[Exercise details] Please state how many lines of the records hold the string "Photo", giving nothing but the number.
-------------------------
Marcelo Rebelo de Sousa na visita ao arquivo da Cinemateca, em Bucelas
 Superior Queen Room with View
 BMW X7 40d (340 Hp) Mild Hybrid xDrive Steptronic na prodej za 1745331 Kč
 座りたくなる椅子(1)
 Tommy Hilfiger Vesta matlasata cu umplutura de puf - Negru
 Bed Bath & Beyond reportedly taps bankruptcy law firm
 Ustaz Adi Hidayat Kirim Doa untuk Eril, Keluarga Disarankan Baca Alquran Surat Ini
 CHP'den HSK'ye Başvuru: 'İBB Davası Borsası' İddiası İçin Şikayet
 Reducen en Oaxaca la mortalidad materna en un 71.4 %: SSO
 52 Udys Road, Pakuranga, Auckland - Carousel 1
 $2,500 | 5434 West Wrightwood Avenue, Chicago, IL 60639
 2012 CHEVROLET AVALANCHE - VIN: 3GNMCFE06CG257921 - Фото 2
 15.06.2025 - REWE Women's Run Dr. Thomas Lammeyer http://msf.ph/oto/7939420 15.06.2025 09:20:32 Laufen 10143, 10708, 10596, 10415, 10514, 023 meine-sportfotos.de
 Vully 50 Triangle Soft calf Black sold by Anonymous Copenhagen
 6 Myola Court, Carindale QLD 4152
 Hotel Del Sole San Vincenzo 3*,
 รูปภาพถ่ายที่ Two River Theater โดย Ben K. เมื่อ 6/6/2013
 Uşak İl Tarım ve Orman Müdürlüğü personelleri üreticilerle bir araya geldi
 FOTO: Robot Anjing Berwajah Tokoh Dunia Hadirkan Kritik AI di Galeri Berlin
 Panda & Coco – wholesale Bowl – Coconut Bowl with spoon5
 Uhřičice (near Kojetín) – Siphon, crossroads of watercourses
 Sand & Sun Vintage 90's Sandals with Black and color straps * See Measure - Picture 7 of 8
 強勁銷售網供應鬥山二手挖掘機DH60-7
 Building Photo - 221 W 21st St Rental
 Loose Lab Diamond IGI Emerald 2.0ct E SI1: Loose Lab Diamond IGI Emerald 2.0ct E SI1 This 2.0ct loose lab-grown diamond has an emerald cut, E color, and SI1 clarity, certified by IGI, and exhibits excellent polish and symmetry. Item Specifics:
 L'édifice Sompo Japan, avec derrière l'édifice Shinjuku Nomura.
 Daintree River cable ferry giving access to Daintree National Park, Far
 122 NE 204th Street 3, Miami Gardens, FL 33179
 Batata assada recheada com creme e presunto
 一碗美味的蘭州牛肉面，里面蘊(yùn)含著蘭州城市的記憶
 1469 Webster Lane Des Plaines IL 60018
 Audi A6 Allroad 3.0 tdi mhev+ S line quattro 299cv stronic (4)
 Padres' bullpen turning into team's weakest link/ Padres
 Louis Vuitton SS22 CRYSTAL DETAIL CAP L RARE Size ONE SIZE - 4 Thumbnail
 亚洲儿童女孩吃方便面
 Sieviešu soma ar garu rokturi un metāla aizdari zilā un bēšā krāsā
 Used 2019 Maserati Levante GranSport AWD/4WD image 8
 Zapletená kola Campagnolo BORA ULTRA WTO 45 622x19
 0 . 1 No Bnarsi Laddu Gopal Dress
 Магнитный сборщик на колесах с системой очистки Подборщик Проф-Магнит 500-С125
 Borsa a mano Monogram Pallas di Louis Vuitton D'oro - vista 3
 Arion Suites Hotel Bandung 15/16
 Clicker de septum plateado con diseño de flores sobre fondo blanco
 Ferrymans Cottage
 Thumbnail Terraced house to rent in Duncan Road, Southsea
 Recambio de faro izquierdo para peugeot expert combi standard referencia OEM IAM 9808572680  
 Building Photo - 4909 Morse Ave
-------------------------
[Written reply] 2